* THE DATA *

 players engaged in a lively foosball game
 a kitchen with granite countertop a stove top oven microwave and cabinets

--

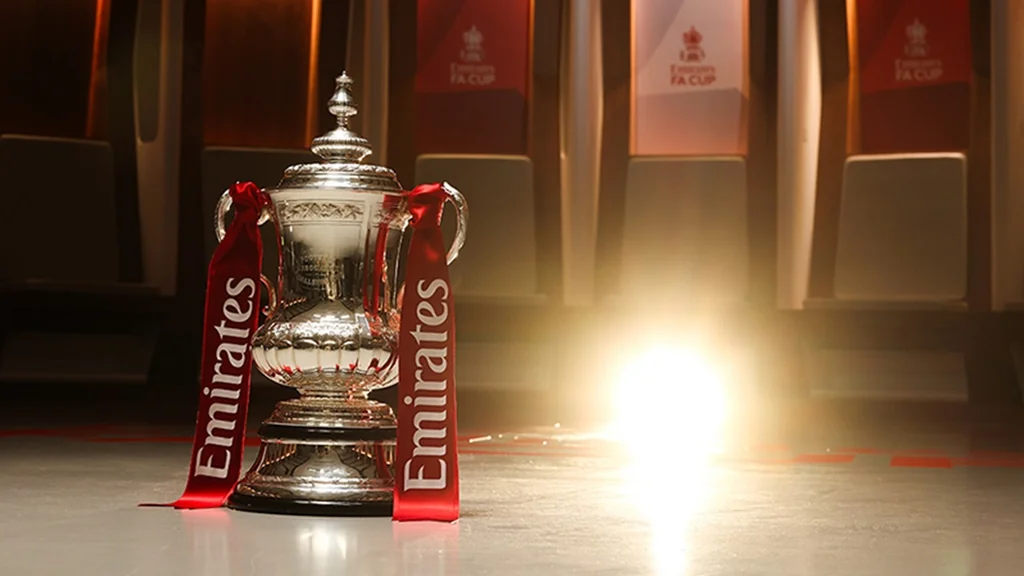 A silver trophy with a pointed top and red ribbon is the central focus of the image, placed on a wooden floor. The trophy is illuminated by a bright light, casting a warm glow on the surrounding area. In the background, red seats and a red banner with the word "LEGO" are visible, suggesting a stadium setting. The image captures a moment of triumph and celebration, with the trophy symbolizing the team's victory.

--

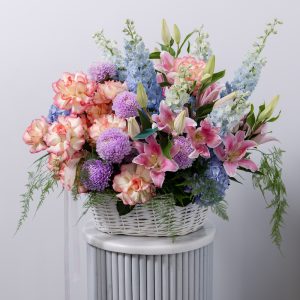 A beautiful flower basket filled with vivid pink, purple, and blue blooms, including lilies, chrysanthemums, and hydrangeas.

* TASK BRIEF *
Reproduce exactly the entries above, limited to the lines from the one with "players engaged in a lively foosball game" through the one with "a kitchen with", both included.

* SOLUTION FOR THIS TASK *
 players engaged in a lively foosball game
 a kitchen with granite countertop a stove top oven microwave and cabinets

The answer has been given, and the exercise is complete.